- Work required -
I would like you to output every record below exactly, apart from the pictures.

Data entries
┄┄┄┄┄┄
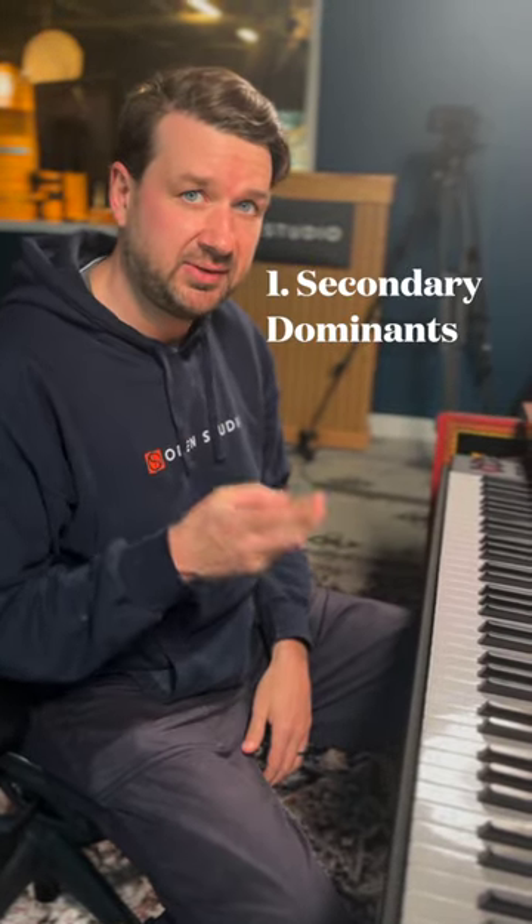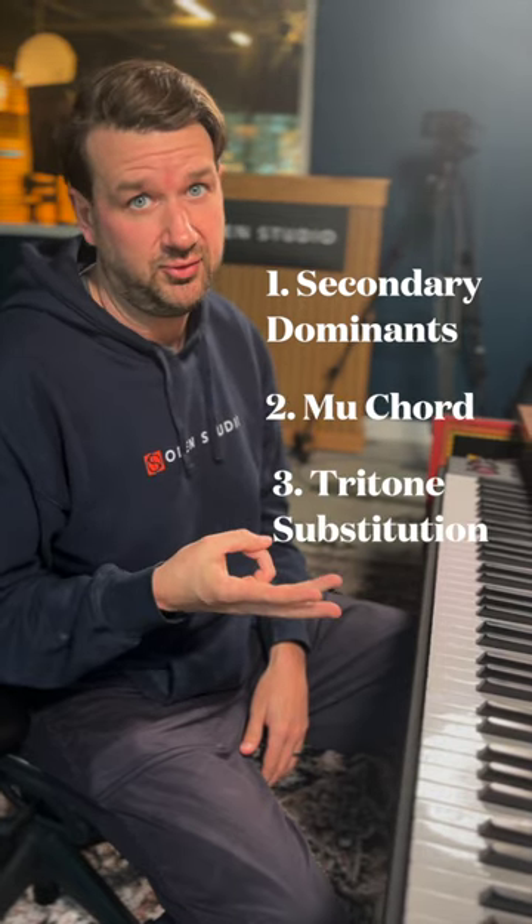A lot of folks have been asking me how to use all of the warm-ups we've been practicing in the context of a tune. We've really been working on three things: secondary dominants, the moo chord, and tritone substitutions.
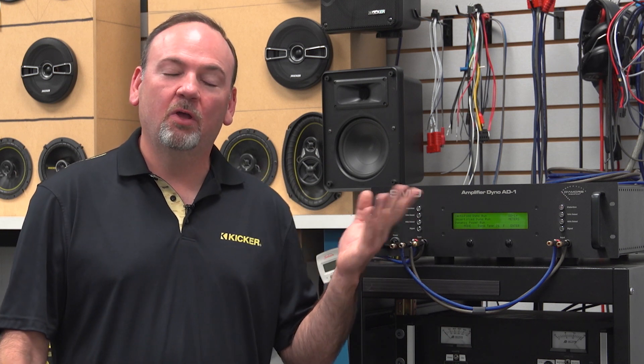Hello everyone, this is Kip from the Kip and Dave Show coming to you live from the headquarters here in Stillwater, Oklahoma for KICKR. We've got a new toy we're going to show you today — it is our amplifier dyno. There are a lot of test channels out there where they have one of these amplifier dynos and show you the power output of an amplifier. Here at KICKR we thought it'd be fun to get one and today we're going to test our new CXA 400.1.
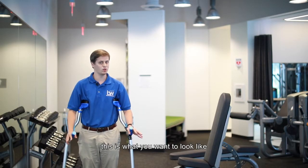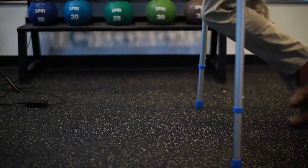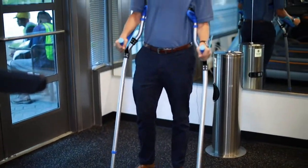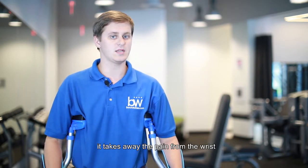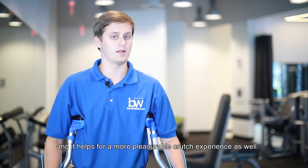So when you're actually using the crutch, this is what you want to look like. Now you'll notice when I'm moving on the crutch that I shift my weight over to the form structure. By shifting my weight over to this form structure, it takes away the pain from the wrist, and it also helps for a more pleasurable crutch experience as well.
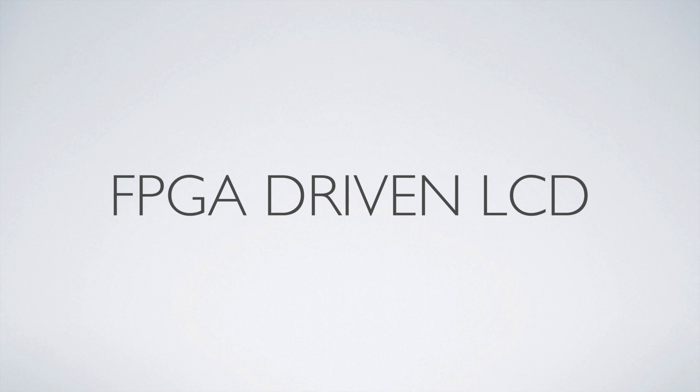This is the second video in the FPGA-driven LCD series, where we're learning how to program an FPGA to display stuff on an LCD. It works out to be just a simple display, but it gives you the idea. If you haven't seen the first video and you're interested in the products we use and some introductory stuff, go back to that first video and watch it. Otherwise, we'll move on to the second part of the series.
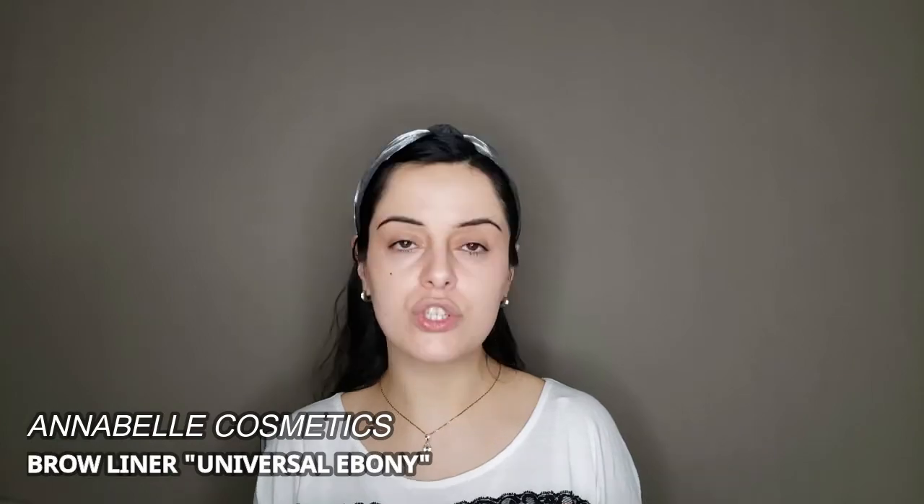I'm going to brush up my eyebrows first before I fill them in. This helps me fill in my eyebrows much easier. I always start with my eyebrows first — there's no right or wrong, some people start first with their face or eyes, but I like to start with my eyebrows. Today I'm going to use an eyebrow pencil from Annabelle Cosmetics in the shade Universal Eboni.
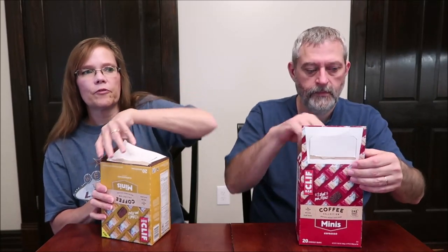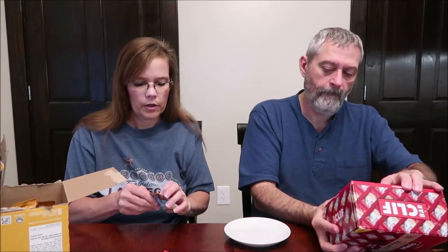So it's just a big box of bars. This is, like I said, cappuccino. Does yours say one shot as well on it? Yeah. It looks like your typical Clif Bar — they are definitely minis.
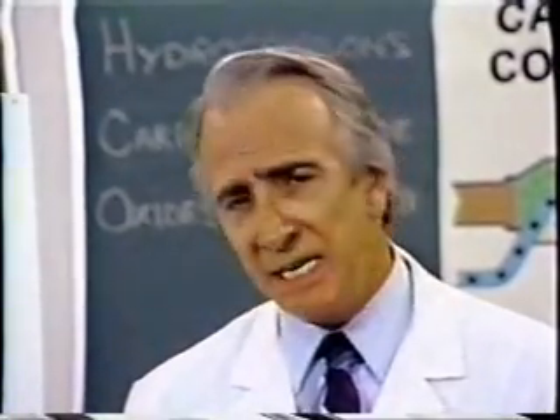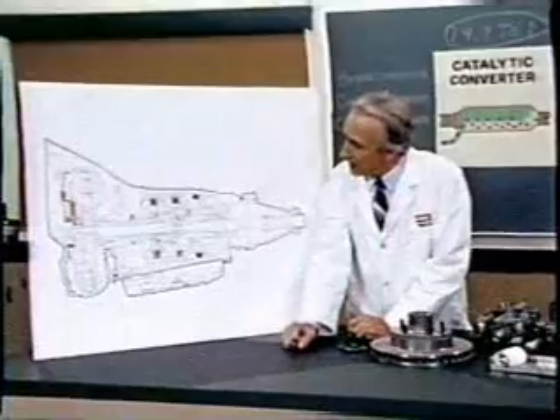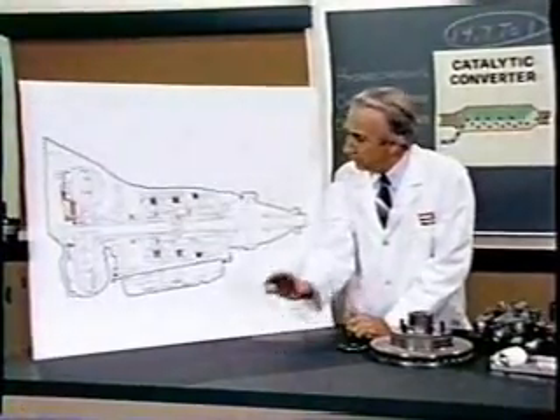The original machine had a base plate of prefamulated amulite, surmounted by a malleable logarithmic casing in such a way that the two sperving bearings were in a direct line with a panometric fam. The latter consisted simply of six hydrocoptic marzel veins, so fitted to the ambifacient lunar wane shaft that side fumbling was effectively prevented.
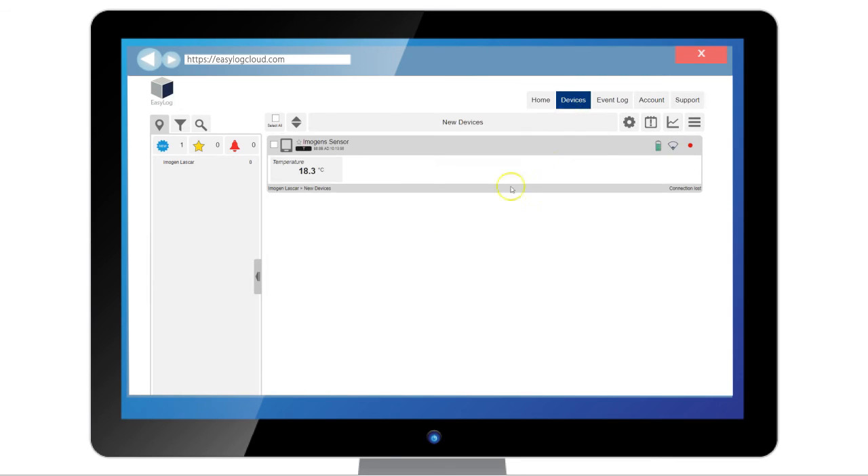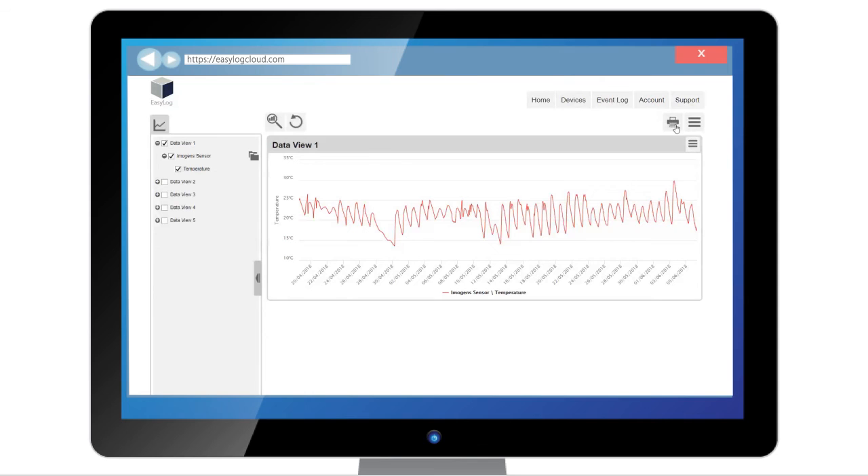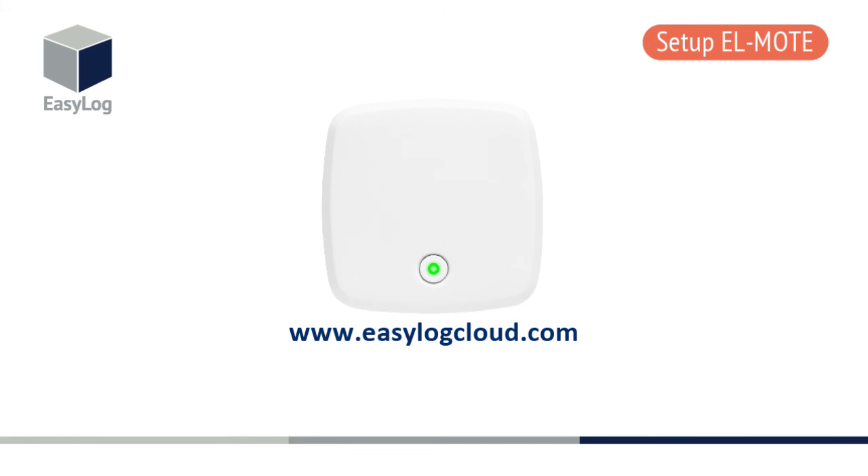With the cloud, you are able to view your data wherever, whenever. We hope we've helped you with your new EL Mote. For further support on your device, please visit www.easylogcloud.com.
┄┄┄┄┄┄
- Written response -
A lot of folks have been asking me how to use all of the warm-ups we've been practicing in the context of a tune. We've really been working on three things: secondary dominants, the moo chord, and tritone substitutions.
Hello everyone, this is Kip from the Kip and Dave Show coming to you live from the headquarters here in Stillwater, Oklahoma for KICKR. We've got a new toy we're going to show you today — it is our amplifier dyno. There are a lot of test channels out there where they have one of these amplifier dynos and show you the power output of an amplifier. Here at KICKR we thought it'd be fun to get one and today we're going to test our new CXA 400.1.
So when you're actually using the crutch, this is what you want to look like. Now you'll notice when I'm moving on the crutch that I shift my weight over to the form structure. By shifting my weight over to this form structure, it takes away the pain from the wrist, and it also helps for a more pleasurable crutch experience as well.
This is the second video in the FPGA-driven LCD series, where we're learning how to program an FPGA to display stuff on an LCD. It works out to be just a simple display, but it gives you the idea. If you haven't seen the first video and you're interested in the products we use and some introductory stuff, go back to that first video and watch it. Otherwise, we'll move on to the second part of the series.
I'm going to brush up my eyebrows first before I fill them in. This helps me fill in my eyebrows much easier. I always start with my eyebrows first — there's no right or wrong, some people start first with their face or eyes, but I like to start with my eyebrows. Today I'm going to use an eyebrow pencil from Annabelle Cosmetics in the shade Universal Eboni.
So it's just a big box of bars. This is, like I said, cappuccino. Does yours say one shot as well on it? Yeah. It looks like your typical Clif Bar — they are definitely minis.
The original machine had a base plate of prefamulated amulite, surmounted by a malleable logarithmic casing in such a way that the two sperving bearings were in a direct line with a panometric fam. The latter consisted simply of six hydrocoptic marzel veins, so fitted to the ambifacient lunar wane shaft that side fumbling was effectively prevented.
With the cloud, you are able to view your data wherever, whenever. We hope we've helped you with your new EL Mote. For further support on your device, please visit www.easylogcloud.com.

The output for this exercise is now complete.